C. dvc run -n train -o model.pkl python train.py

D. dvc stage add -n train -d train.py -o model.pkl python train.py

Solution

Step 1: Identify required flags for stage creation
The dvc stage add command requires -n for name, -d for dependencies, and -o for outputs.
Step 2: Check which option includes all required flags correctly
dvc stage add -n train -d train.py -o model.pkl python train.py uses -n train, -d train.py (dependency), and -o model.pkl with the command python train.py.
Final Answer:
dvc stage add -n train -d train.py -o model.pkl python train.py -> Option D
Quick Check:
Stage add needs name, dependency, output flags [OK]

Hint: Stage add needs -n (name), -d (deps), -o (outputs) [OK]

Common Mistakes:

Omitting the dependency with -d
Using deprecated dvc run instead of stage add
Mixing order of flags incorrectly

3. Given this DVC pipeline stage definition in dvc.yaml:

stages:
  preprocess:
    cmd: python preprocess.py data/raw data/processed
    deps:
      - data/raw
      - preprocess.py
    outs:
      - data/processed

What happens when you run dvc repro after modifying data/raw?

medium

A. The preprocess stage reruns and updates data/processed

B. Nothing happens because only preprocess.py changes trigger rerun

C. The pipeline fails due to missing output specification

D. All pipeline stages rerun regardless of changes

Solution

Step 1: Identify dependencies of the preprocess stage
The stage depends on data/raw and preprocess.py.
Step 2: Effect of changing data/raw on dvc repro
Changing a dependency triggers rerun of that stage to update outputs.
Final Answer:
The preprocess stage reruns and updates data/processed -> Option A
Quick Check:
Changed input triggers stage rerun [OK]

Hint: Change in deps triggers rerun of that stage [OK]

Common Mistakes:

Assuming no rerun if only data changes
Thinking all stages rerun always
Confusing outputs with dependencies

4. You run dvc repro but get an error: ERROR: failed to reproduce stage 'train': missing dependency 'data/train.csv'. What is the most likely cause?

medium

A. The file data/train.csv was deleted or moved after pipeline creation

B. The dvc.yaml file is missing the train stage

C. The dvc.lock file is corrupted

D. You forgot to run dvc init before dvc repro

Solution

Step 1: Understand the error message
The error says a dependency file is missing, which means DVC cannot find data/train.csv.
Step 2: Common causes of missing dependency errors
Usually, the file was deleted, renamed, or moved after the pipeline stage was created.
Final Answer:
The file data/train.csv was deleted or moved after pipeline creation -> Option A
Quick Check:
Missing dependency file causes repro error [OK]
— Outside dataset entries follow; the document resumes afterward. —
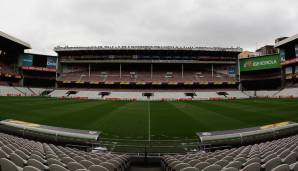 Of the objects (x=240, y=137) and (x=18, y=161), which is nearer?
(x=18, y=161)

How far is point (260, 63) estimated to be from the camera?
208ft

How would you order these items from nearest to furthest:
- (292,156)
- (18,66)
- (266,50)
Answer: (292,156) < (18,66) < (266,50)

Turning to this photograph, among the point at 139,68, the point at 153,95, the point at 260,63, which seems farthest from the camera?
the point at 139,68

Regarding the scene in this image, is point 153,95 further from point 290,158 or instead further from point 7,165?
point 7,165

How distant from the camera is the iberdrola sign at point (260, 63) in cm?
6107

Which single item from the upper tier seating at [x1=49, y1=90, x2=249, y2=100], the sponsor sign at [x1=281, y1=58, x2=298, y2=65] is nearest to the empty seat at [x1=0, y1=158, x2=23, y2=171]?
the upper tier seating at [x1=49, y1=90, x2=249, y2=100]

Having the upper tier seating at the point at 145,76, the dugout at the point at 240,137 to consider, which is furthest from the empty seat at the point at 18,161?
the upper tier seating at the point at 145,76

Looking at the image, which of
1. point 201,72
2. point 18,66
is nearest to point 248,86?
point 201,72

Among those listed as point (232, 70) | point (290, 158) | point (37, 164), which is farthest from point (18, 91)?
point (290, 158)

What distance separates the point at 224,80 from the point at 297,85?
742 inches

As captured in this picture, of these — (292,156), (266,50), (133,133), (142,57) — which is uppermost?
(266,50)

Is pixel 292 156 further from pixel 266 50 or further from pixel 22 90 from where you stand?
pixel 266 50

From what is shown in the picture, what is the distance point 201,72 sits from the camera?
2852 inches

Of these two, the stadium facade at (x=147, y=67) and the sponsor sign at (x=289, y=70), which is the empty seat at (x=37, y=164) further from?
the sponsor sign at (x=289, y=70) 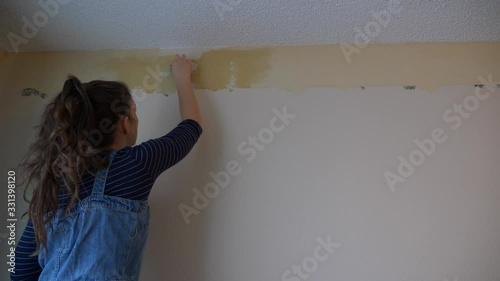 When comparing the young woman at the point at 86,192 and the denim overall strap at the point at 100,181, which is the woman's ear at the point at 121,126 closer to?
the young woman at the point at 86,192

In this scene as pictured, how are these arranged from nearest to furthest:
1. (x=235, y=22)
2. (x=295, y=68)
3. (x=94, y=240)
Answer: (x=94, y=240) < (x=235, y=22) < (x=295, y=68)

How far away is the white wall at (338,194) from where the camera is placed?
1.23 m

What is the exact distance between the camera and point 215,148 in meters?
1.33

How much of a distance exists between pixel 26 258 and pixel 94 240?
0.82 feet

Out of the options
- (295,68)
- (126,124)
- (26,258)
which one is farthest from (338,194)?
(26,258)

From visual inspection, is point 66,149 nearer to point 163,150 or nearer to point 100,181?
point 100,181

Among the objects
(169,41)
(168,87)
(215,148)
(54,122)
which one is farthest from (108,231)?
(169,41)

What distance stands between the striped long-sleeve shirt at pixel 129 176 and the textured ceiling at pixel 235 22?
0.42 metres

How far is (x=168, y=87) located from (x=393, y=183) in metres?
0.86

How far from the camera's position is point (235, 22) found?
1252 millimetres

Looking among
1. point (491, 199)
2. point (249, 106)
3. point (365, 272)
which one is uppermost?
point (249, 106)

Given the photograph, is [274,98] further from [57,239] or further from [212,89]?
[57,239]

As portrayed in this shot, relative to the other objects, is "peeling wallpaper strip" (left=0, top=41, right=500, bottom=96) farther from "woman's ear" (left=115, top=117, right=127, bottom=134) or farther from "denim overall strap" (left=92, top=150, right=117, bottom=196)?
"denim overall strap" (left=92, top=150, right=117, bottom=196)

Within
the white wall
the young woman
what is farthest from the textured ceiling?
the young woman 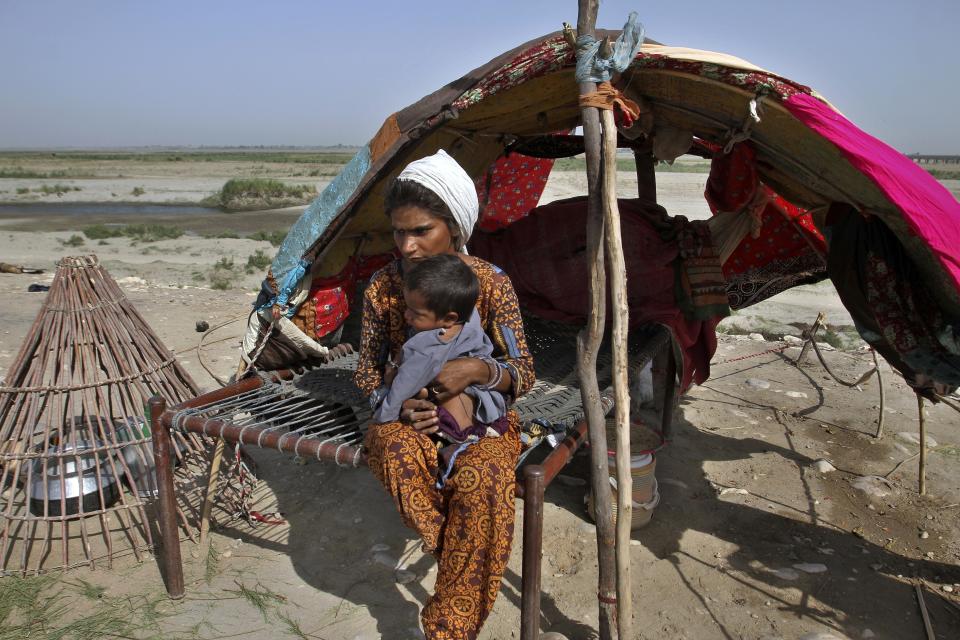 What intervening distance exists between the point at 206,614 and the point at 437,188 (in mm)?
2044

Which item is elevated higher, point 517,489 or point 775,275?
point 775,275

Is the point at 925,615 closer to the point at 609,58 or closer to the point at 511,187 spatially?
the point at 609,58

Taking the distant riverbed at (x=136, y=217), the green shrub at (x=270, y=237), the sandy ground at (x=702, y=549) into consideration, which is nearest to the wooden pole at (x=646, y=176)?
the sandy ground at (x=702, y=549)

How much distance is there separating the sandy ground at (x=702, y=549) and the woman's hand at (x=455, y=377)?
A: 42.3 inches

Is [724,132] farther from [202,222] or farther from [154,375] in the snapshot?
[202,222]

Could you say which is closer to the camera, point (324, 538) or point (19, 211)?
point (324, 538)

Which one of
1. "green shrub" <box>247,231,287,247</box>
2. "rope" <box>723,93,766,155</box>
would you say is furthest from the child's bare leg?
"green shrub" <box>247,231,287,247</box>

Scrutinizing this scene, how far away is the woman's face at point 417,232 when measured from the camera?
8.35 feet

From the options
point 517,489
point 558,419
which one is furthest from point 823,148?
point 517,489

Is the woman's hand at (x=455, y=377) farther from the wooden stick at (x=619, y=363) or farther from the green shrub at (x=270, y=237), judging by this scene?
the green shrub at (x=270, y=237)

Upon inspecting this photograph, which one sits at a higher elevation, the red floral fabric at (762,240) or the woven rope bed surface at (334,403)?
the red floral fabric at (762,240)

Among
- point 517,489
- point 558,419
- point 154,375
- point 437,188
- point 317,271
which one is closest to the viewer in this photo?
point 517,489

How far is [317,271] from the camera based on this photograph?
12.3 feet

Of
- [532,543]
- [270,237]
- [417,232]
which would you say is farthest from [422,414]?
[270,237] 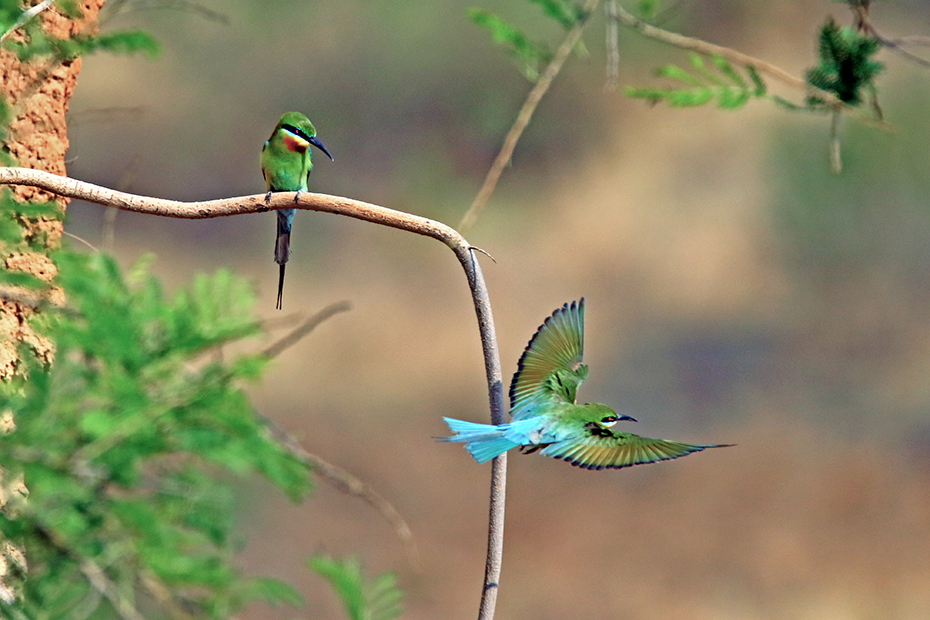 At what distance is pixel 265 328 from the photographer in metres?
0.56

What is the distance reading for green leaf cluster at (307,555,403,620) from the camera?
467 millimetres

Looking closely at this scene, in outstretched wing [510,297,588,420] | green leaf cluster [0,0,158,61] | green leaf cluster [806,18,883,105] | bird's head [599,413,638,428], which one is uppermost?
green leaf cluster [806,18,883,105]

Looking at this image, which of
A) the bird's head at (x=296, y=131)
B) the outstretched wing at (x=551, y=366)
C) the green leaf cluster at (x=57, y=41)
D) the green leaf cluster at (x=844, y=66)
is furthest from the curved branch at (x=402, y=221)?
the green leaf cluster at (x=844, y=66)

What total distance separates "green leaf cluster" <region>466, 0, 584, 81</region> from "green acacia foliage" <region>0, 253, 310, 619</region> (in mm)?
320

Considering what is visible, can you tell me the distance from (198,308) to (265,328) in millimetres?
45

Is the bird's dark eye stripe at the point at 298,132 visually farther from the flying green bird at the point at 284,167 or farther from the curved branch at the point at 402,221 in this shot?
the curved branch at the point at 402,221

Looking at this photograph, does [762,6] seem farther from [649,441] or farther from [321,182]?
[649,441]

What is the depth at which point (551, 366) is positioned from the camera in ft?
1.77

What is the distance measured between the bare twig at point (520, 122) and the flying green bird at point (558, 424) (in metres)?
0.11

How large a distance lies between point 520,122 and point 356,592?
37 cm

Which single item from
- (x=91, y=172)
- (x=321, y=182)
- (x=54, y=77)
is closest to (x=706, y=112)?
(x=321, y=182)

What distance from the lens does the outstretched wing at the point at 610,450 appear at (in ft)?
1.43

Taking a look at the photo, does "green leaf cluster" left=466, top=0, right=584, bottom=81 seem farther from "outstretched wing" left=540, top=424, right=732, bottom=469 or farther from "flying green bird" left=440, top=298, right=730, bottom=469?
"outstretched wing" left=540, top=424, right=732, bottom=469

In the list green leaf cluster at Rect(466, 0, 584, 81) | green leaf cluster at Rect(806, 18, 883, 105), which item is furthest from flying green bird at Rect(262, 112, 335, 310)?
green leaf cluster at Rect(806, 18, 883, 105) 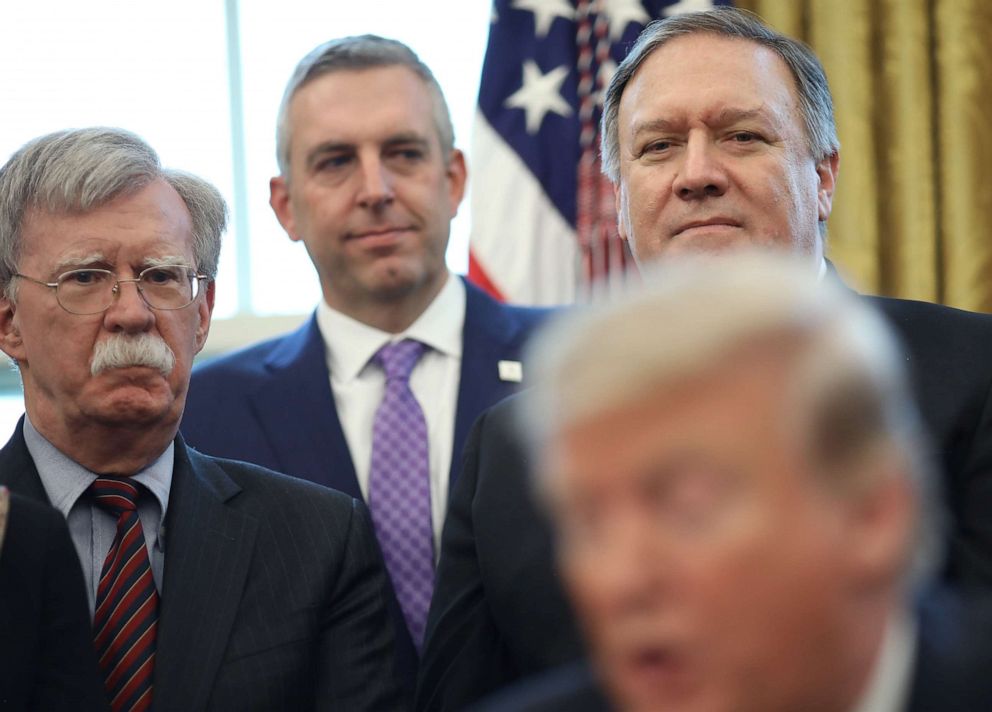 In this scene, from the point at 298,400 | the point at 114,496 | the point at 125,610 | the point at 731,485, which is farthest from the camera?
the point at 298,400

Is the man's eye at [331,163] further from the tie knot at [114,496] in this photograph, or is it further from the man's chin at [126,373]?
the tie knot at [114,496]

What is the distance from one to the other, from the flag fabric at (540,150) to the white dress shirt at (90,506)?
222 centimetres

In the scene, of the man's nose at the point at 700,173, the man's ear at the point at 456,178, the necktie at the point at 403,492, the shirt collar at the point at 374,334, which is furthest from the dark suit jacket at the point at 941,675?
the man's ear at the point at 456,178

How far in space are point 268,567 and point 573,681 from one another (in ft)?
4.53

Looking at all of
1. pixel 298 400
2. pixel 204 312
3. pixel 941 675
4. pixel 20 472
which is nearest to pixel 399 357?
pixel 298 400

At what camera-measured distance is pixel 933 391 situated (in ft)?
7.06

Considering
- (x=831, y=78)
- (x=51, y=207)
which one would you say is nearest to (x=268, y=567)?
(x=51, y=207)

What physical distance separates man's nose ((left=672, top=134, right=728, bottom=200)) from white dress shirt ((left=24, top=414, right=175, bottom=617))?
1073 millimetres

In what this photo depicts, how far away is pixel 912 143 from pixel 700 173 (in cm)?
223

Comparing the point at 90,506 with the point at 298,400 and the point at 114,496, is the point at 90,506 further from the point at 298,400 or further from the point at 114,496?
the point at 298,400

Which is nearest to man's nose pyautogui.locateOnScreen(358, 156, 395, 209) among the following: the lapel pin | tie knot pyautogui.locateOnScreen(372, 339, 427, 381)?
tie knot pyautogui.locateOnScreen(372, 339, 427, 381)

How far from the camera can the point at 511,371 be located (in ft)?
11.0

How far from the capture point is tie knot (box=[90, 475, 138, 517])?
2.40m

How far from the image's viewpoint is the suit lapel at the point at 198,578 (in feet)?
7.39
Hint: Check if all dependency files exist before repro [OK]

Common Mistakes:

Assuming dvc.yaml missing stage causes this error
Blaming dvc.lock corruption without evidence
Forgetting to initialize repo before repro

5. You want to create a DVC pipeline with two stages: extract that outputs data/raw.csv, and train that depends on data/raw.csv and outputs model.pkl. Which sequence of commands correctly sets up this pipeline?

hard

A. dvc stage add -n train -o model.pkl python train.py dvc stage add -n extract -d data/raw.csv -o data/raw.csv python extract.py

B. dvc stage add -n extract -o data/raw.csv python extract.py dvc stage add -n train -d data/raw.csv -o model.pkl python train.py

C. dvc run -n extract -o data/raw.csv python extract.py dvc run -n train -d data/raw.csv -o model.pkl python train.py

D. dvc add data/raw.csv dvc add model.pkl

Solution

Step 1: Define extract stage with output only
Extract stage produces data/raw.csv so it needs -n extract and -o data/raw.csv with the command.
Step 2: Define train stage depending on extract output
Train stage depends on data/raw.csv so it needs -d data/raw.csv, outputs model.pkl, and runs python train.py.
Step 3: Confirm correct order and commands
dvc stage add -n extract -o data/raw.csv python extract.py dvc stage add -n train -d data/raw.csv -o model.pkl python train.py correctly adds extract first, then train with proper dependencies and outputs.
Final Answer:
dvc stage add -n extract -o data/raw.csv python extract.py dvc stage add -n train -d data/raw.csv -o model.pkl python train.py -> Option B
Quick Check:
Define stages with correct deps and outputs [OK]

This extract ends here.